== Supplied information

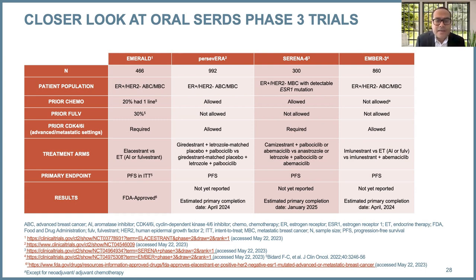Looking at drugs in clinical development: giredestrant, camizestrant, and imlunestrant are being evaluated in both first-line and second-line settings. The PERSEVERA trial looks at giredestrant in the first-line setting in combination with palbociclib. SERENA-6 looks at camizestrant — more of a hybrid 1.5 approach — for patients with detectable ESR1 mutations in the first-line setting, comparing continuing the same therapy versus switching to camizestrant. AMBER3 is similar to EMERALD in the second-line plus setting, looking at imlunestrant versus endocrine therapy, with a third arm of imlunestrant plus abemaciclib — examining both monotherapy and combination therapy with a CDK4/6 inhibitor.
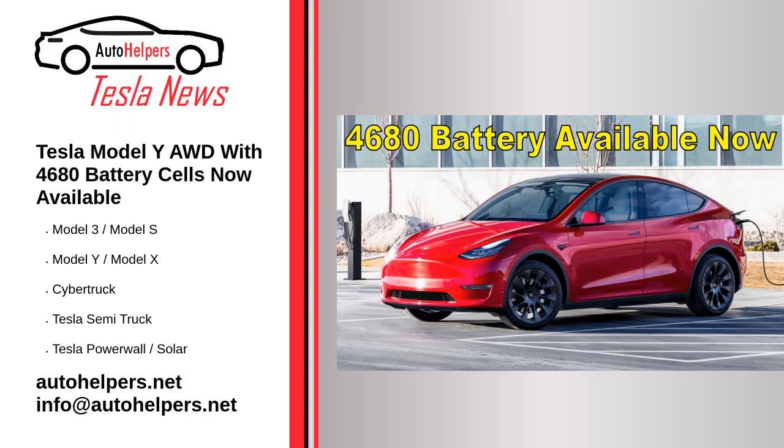Tesla Model Y AWD with 4680 battery cells now available. January 11, 2023. You can't yet configure your own Model Y with 4680 cells on Tesla's website, but the US electric automaker has added a number of copies with all-wheel drive to its online inventory.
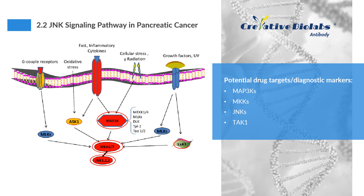Pancreatic ductal adenocarcinoma (PDAC) is typically associated with drug resistance, metastasis, and dismal clinical outcomes. The c-Jun N-terminal kinase (JNK) pathway is one of the pathways activated in PDAC. JNKs belong to the family of mitogen-activated protein kinases (MAPKs) and are involved in a wide spectrum of cellular processes, including cell proliferation, differentiation, migration, inflammation, and apoptosis.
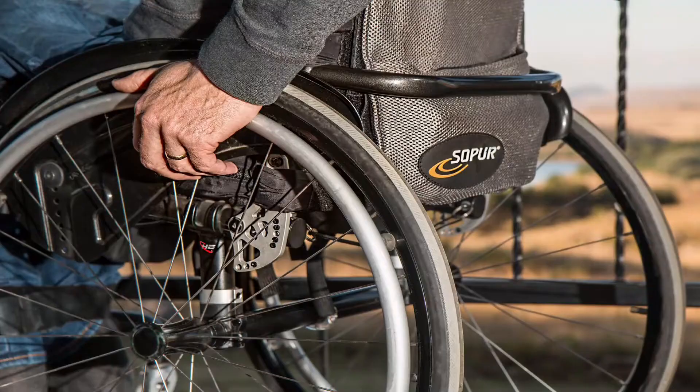The brain cells start to die within a few minutes in the absence of blood supply that provides them the oxygen and nutrients they need. As a result, it can cause lasting brain damage, long-term disability or even death.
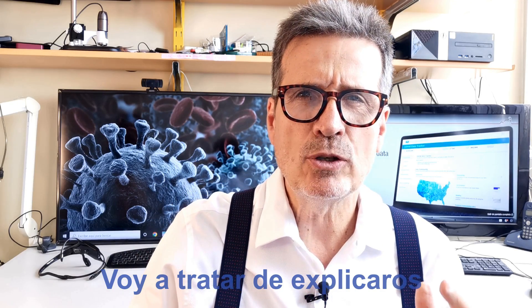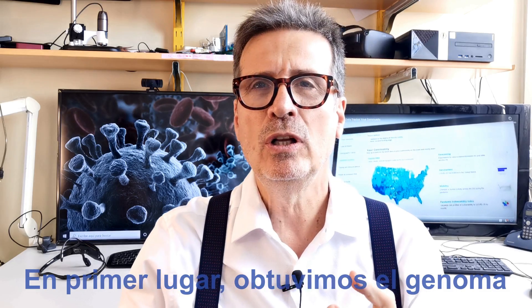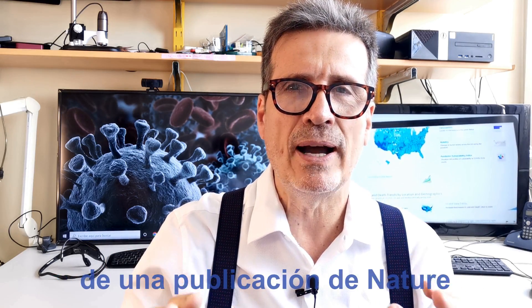Hi everybody! I'm going to try to explain to you what we have done. First of all, we got the complete genome of the SARS-CoV-2 virus out of the Nature magazine.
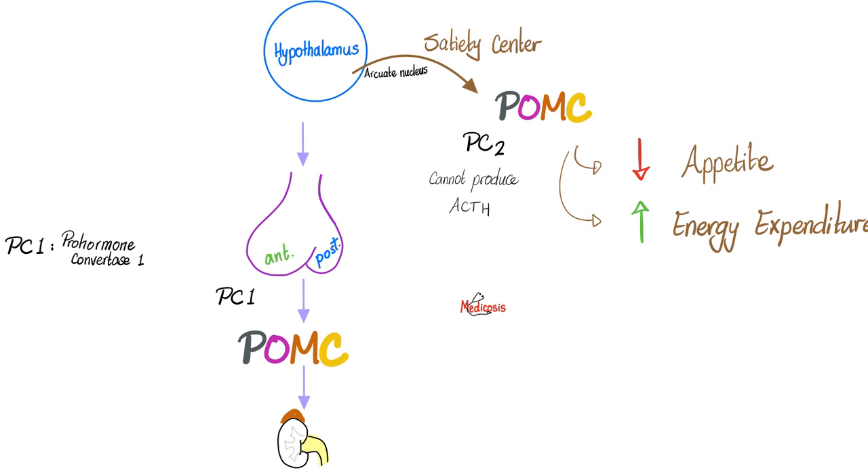Why do pregnant women experience changes in appetite? You see that POMC? Another POMC is also secreted from the hypothalamus in the arcuate nucleus, and this is the satiety center. It decreases or alters appetite and it increases energy expenditure. So this same POMC related to hyperpigmentation can also be related to appetite, depending on the enzyme responsible for breaking it down.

====

### [Problem to work on]
Without carrying over any picture, retype the records above word for word.

### [Output for this exercise]
Looking at drugs in clinical development: giredestrant, camizestrant, and imlunestrant are being evaluated in both first-line and second-line settings. The PERSEVERA trial looks at giredestrant in the first-line setting in combination with palbociclib. SERENA-6 looks at camizestrant — more of a hybrid 1.5 approach — for patients with detectable ESR1 mutations in the first-line setting, comparing continuing the same therapy versus switching to camizestrant. AMBER3 is similar to EMERALD in the second-line plus setting, looking at imlunestrant versus endocrine therapy, with a third arm of imlunestrant plus abemaciclib — examining both monotherapy and combination therapy with a CDK4/6 inhibitor.
Tesla Model Y AWD with 4680 battery cells now available. January 11, 2023. You can't yet configure your own Model Y with 4680 cells on Tesla's website, but the US electric automaker has added a number of copies with all-wheel drive to its online inventory.
Pancreatic ductal adenocarcinoma (PDAC) is typically associated with drug resistance, metastasis, and dismal clinical outcomes. The c-Jun N-terminal kinase (JNK) pathway is one of the pathways activated in PDAC. JNKs belong to the family of mitogen-activated protein kinases (MAPKs) and are involved in a wide spectrum of cellular processes, including cell proliferation, differentiation, migration, inflammation, and apoptosis.
The brain cells start to die within a few minutes in the absence of blood supply that provides them the oxygen and nutrients they need. As a result, it can cause lasting brain damage, long-term disability or even death.
Hi everybody! I'm going to try to explain to you what we have done. First of all, we got the complete genome of the SARS-CoV-2 virus out of the Nature magazine.
Why do pregnant women experience changes in appetite? You see that POMC? Another POMC is also secreted from the hypothalamus in the arcuate nucleus, and this is the satiety center. It decreases or alters appetite and it increases energy expenditure. So this same POMC related to hyperpigmentation can also be related to appetite, depending on the enzyme responsible for breaking it down.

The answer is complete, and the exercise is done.